» Collected data
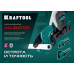 Автоматический труборез по металлопластиковым и пластиковым трубам Alligator-42, до 42 мм KRAFTOOL 23406-42_z01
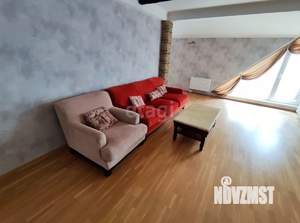 3-к квартира, вторичка, 108м2, 10/10 этаж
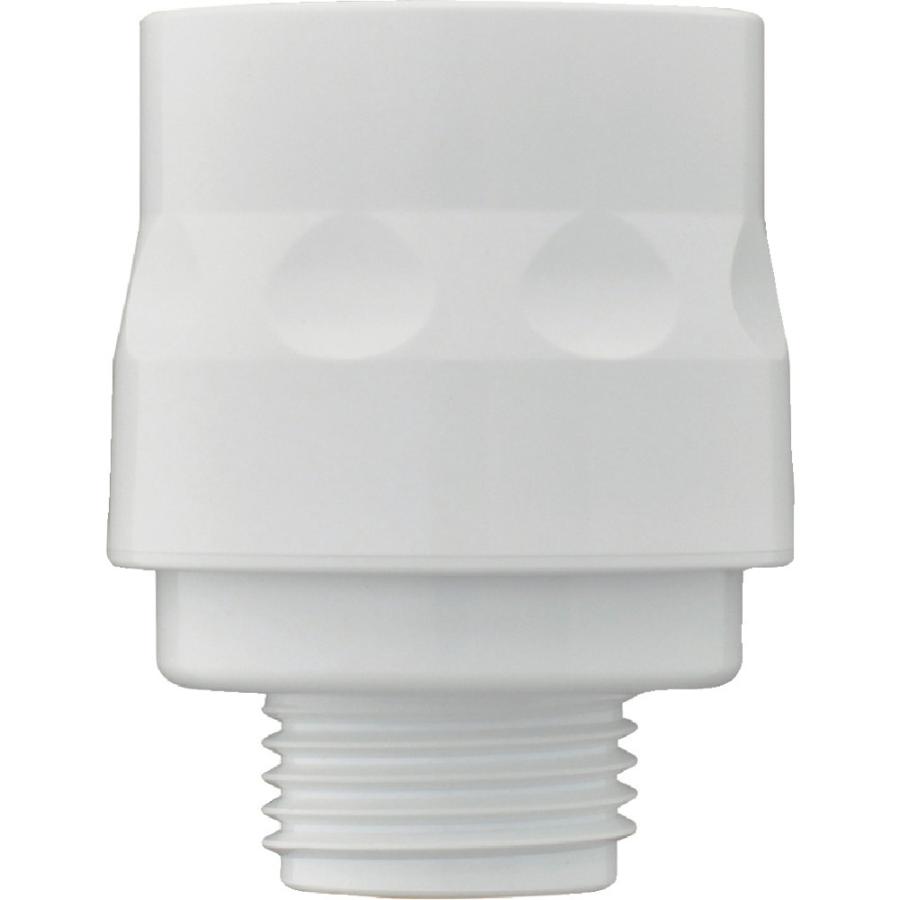 かたくさん　専用ページ G1／2オスネジコネクター GWA64 メーカー直送 ▽返品・キャンセル不可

» Action item
Would you give again exactly the lines from the line containing "3-к квартира, вторичка, 108м2, 10/10 этаж" through the end of the listing, both ends included, without any pictures?

» Result of the exercise
 3-к квартира, вторичка, 108м2, 10/10 этаж
 かたくさん　専用ページ G1／2オスネジコネクター GWA64 メーカー直送 ▽返品・キャンセル不可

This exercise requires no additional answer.